Advanced Biomolecular Research Cluster, University of the Free State, Bloemfontein, South Africa.
BMC Biochem. 2011 Jul 4;12:34. doi: 10.1186/1471-2091-12-34.
The involvement of histone acetylation in facilitating gene expression is well-established, particularly in the case of histones H3 and H4. It was previously shown in Saccharomyces cerevisiae that gene expression was significantly down-regulated and chromatin more condensed in stationary phase compared to exponential phase. We were therefore interested in establishing the acetylation state of histone H3 and H4 in stationary and in exponential phase, since the regulation of this modification could contribute to transcriptional shut-down and chromatin compaction during semi-quiescence.

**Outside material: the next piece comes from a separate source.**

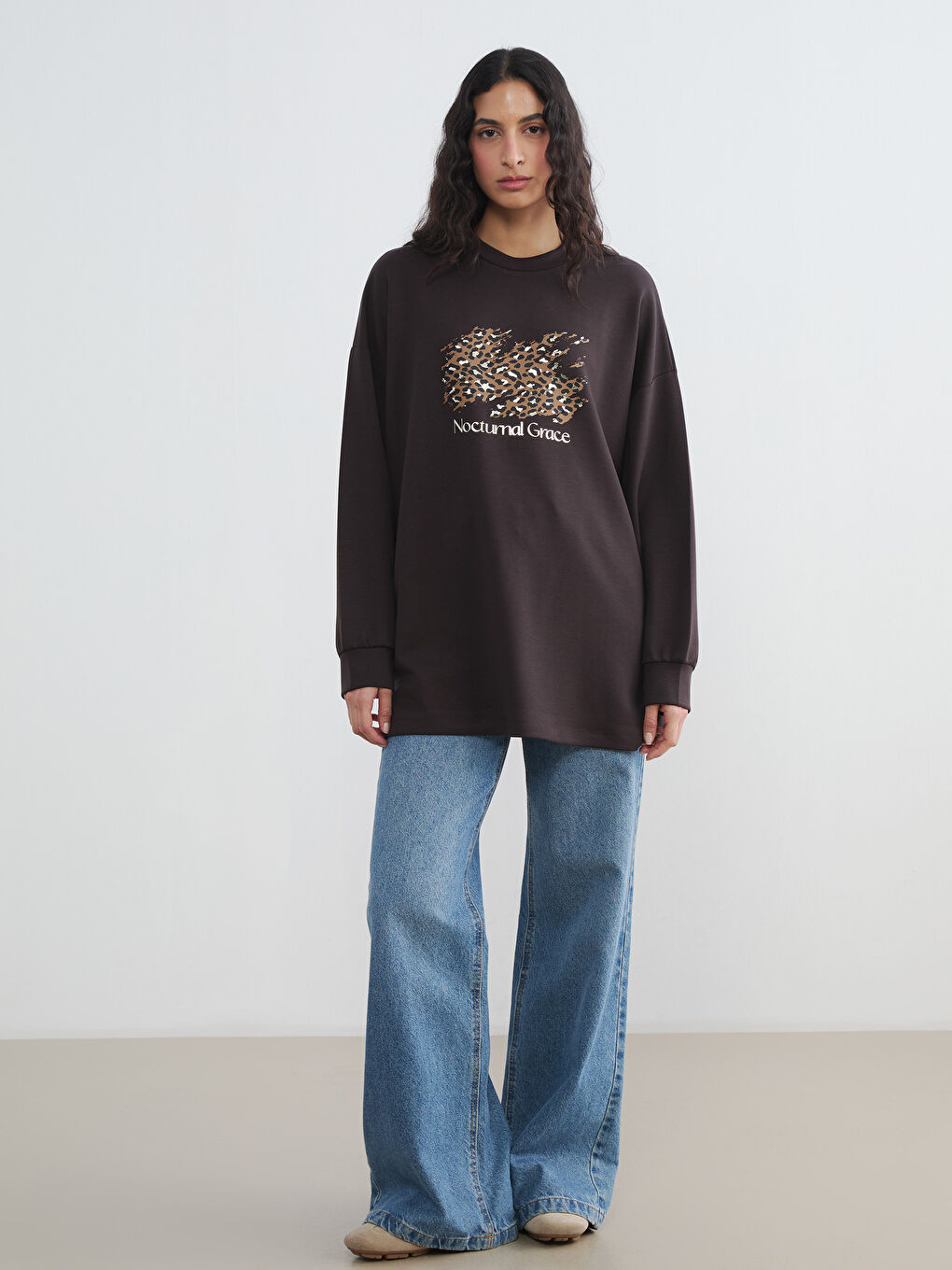 Kahverengi Bisiklet Yaka Desenli Kadın Sweatshirt Tunik-1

We made use of nano-spray tandem mass spectrometry to perform a precursor ion scan to detect an m/z 126 immonium ion, diagnostic of an Nε-acetylated lysine residue that allowed unambiguous identification of acetylated as opposed to tri-methylated lysine. The fragmentation spectra of peptides thus identified were searched with Mascot against the Swiss-Prot database, and the y-ion and b-ion fragmentation series subsequently analyzed for mass shifts compatible with acetylated lysine residues. We found that K9, K14 and K36 of histone H3 and K12 and K16 of histone H4 were acetylated in exponential phase (bulk histones), but could not detect these modifications in histones isolated from stationary phase cells at the sensitivity level of the mass spectrometer. The corresponding un-acetylated peptides were, however, observed. A significantly higher level of acetylation of these residues in exponential phase was confirmed by immuno-blotting.

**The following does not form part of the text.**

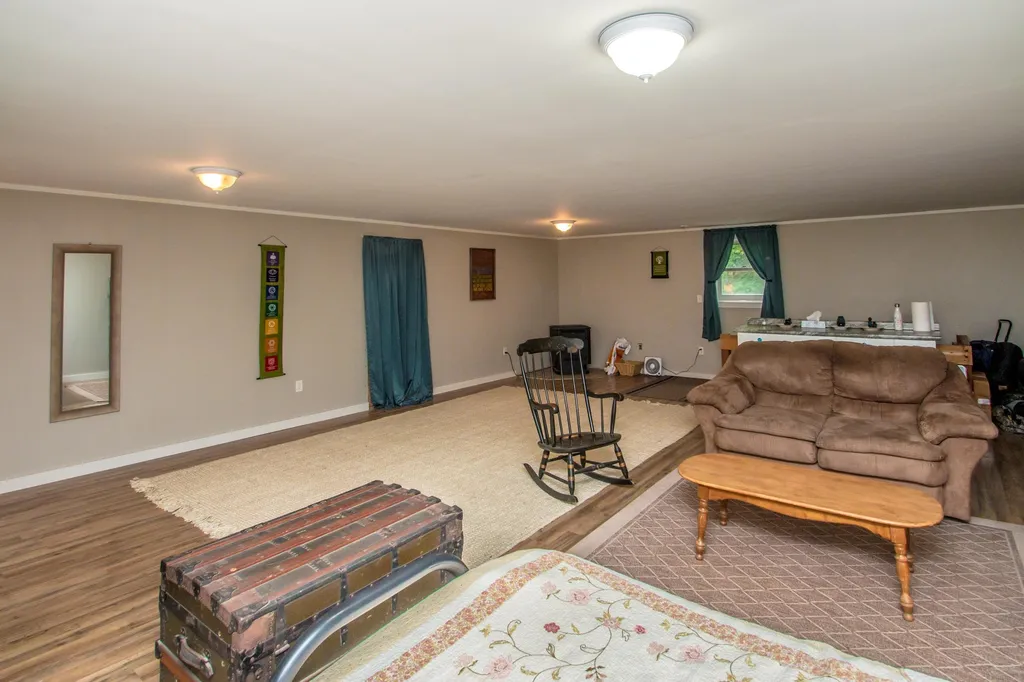 1664 Passaconaway Road Albany NH 03818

H4K16 acetylation was previously shown to disrupt formation of condensed chromatin in vitro. We propose that de-acetylation of H4K16 allowed formation of condensed chromatin in stationary phase, and that acetylation of H3K9, H3K14, H3K36, and H4K12 reflected the active transcriptional state of the yeast genome in exponential phase.
组蛋白乙酰化在促进基因表达方面的作用已得到充分证实,尤其是组蛋白 H3 和 H4。先前在酿酒酵母中已表明,与指数生长期相比,静止期的基因表达显著下调,染色质更加浓缩。因此,我们对静止期和指数生长期组蛋白 H3 和 H4 的乙酰化状态很感兴趣,因为这种修饰的调节可能有助于转录关闭和半静止期染色质紧缩。

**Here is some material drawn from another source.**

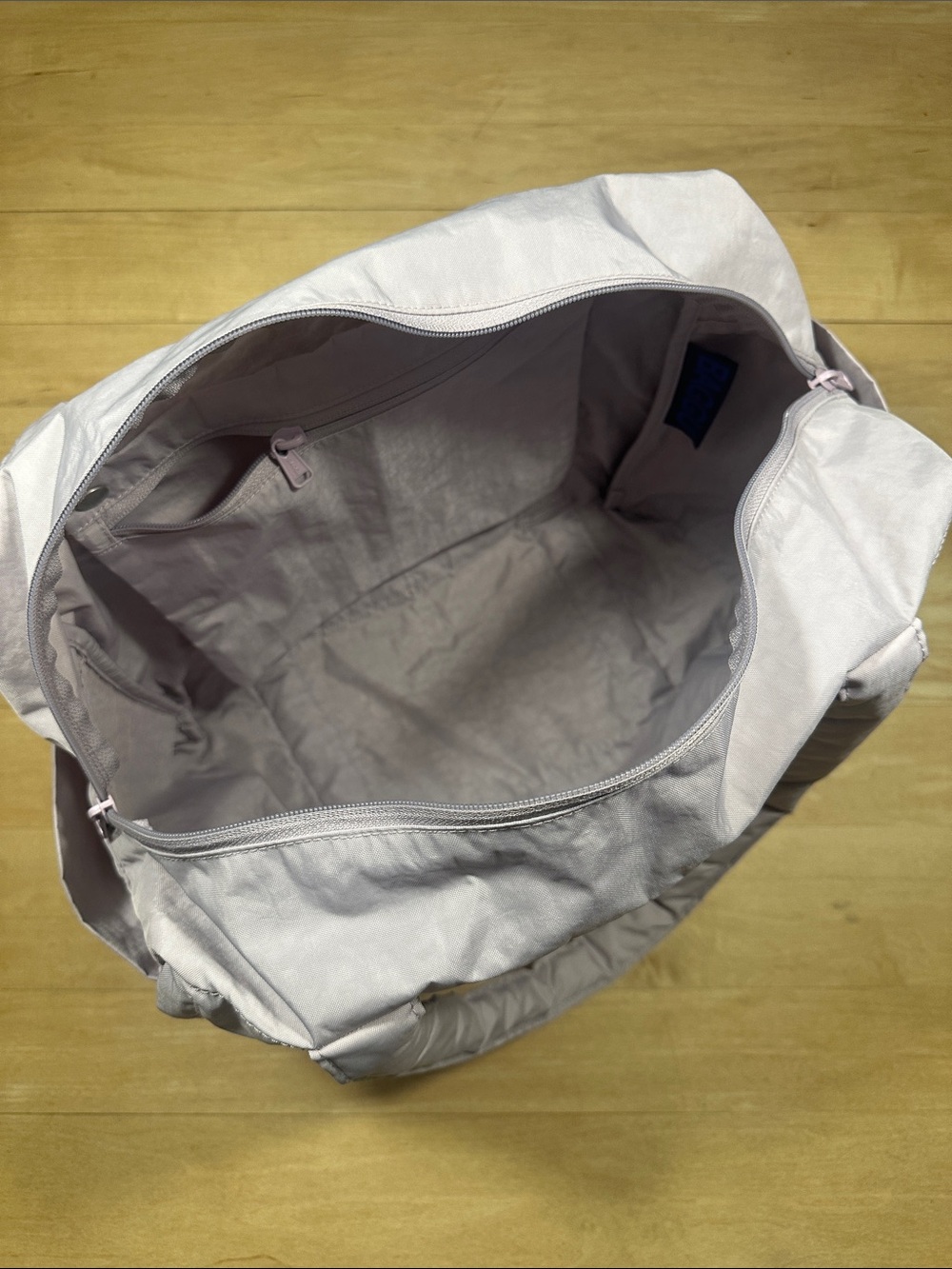 BAGGU Small Cloud Carry-On Bag - Picture 7 of 14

我们利用纳喷雾串联质谱法进行前体离子扫描,以检测到 m/z 126 的亚稳离子,这是一个 Nε-乙酰化赖氨酸残基的特征,可明确鉴定出乙酰化的赖氨酸与三甲基化的赖氨酸。因此鉴定的肽的碎裂谱与 Mascot 一起在 Swiss-Prot 数据库中进行搜索,然后分析 y-离子和 b-离子碎裂系列,以寻找与乙酰化赖氨酸残基相容的质量位移。我们发现,组蛋白 H3 的 K9、K14 和 K36 以及组蛋白 H4 的 K12 和 K16 在指数生长期(大量组蛋白)中被乙酰化,但在质谱仪的灵敏度水平下,无法检测到从静止期细胞中分离的组蛋白中的这些修饰。然而,观察到了相应的未乙酰化肽。通过免疫印迹进一步证实了这些残基在指数生长期的乙酰化水平显著提高。
先前已证明 H4K16 乙酰化会破坏体外形成的浓缩染色质。我们提出,H4K16 的去乙酰化允许在静止期形成浓缩染色质,而 H3K9、H3K14、H3K36 和 H4K12 的乙酰化反映了酵母基因组在指数生长期的活跃转录状态。